What is going on in Doha? The contrasts and seeming contradictions are everywhere. The women shop at high end stores covered from head to toe for pretty little dresses for their daughters and sneakers for their sons. Yet despite the physically apparent signs of what we in the West might call "repression," there are also signs of women's independence, out in groups or alone shopping together, that we simply didn't see much of in Nepal. (I know you can't drive if you are a woman in Saudi Arabia, but I'm not sure the same thing is true in Qatar. Even if it is, the women do seem to move either alone or in packs when they want to.) There are also signs of love and familial teamwork as the men and women shop together and hold hands, like any American couple, and while the man is in a position of dominance, I did see a man pushing a double baby carriage while his wife, face completely covered, walked next to him holding his hand.
The City Centre features a huge arcade full of games and mini amusement rides. I watched a mother with her face covered help her son, dressed in a t-shirt and jean shorts, play whack a mole. A father watched his two sons proudly while his wife, face covered, talked with a friend, hair covered but no face covering.
That's another thing, the diversity is striking. There are women with simply a hijab and the rest of their clothing is Western. There are women in full robes with the hijab, but the robes reveal jeans underneath and the headscarf does not fully cover the hair. There are women in full robes with the hijab covering everything. There are women in full robes with only two eyeslits. Finally there are women with everything covered including a face veil. One woman, pushing her kids, who wore jeans and t-shirts, in a stroller had a black veil with a set of glasses on the OUTSIDE of the veil...as she walked though an arcade. Some robes are simply black and spartan, others sequined and flashy.
I have spent a lot of time studying Islam and the Middle East, but I admit I have never fully comprehended both A: the prevalence of the hijab, and B: the gradations of the hijab.

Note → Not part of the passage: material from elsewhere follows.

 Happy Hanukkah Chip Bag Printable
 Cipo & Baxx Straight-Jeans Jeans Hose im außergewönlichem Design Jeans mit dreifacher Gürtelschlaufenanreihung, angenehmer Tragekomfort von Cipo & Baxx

One couple walked bywith the man in the white robes, the woman face covered with just eye slits, and three daughters under the age of 7 all dressed cutely in the same flower print sleeveless dresses. When and how will it be determined that the girls move from the practicality (since its 105 degrees out) and "immodesty" of sleeveless floral prints to the modesty of black robes, and will their faces be shown, and will their robes be plain or pretty.

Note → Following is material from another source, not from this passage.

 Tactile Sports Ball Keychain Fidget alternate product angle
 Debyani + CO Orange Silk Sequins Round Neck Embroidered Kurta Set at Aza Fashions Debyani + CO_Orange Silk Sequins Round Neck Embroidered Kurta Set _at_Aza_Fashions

And will their husbands share their modesty and long clothing? The full facial covering or the eye slits are unsettling, but in some ways the hijab alone is not at all in Qatar because, for lack of a better way of putting it, the misery of long clothing seems to be shared by both sexes, though the men get to wear white not black. The men are in full robes, only their hands and feet uncovered, and they too wear headscarfs; the misery of covering up in 105 degree heat is shared. But with the full facial covering, and notion of any degree of equality is completely thrown away.
Wow, what an interesting day. We took a cab back to the hotel along the Corniche and it was a pretty drive. Along the Corniche was the same mix of ex-pats running and traditionally dressed locals as last night. It's a funny mix this place called Doha: Western amenities and traditional garb and values. But, for the last time, it does seem like here the sheiks are chic.
P.S.: Hoping myself to be more than an uniterested tourist, I started asking everyone IK could where they were from. All the workers are from all over, or so it seems. The guy at the gym this morning was from Sri Lanka. In the mall I met a few people from Nepal and from Indonesia, the Philipines, Kenya, India, all over Asia. They come to work long days and are put up in housing paid for by their employers. I can't imagine dealing with the heat!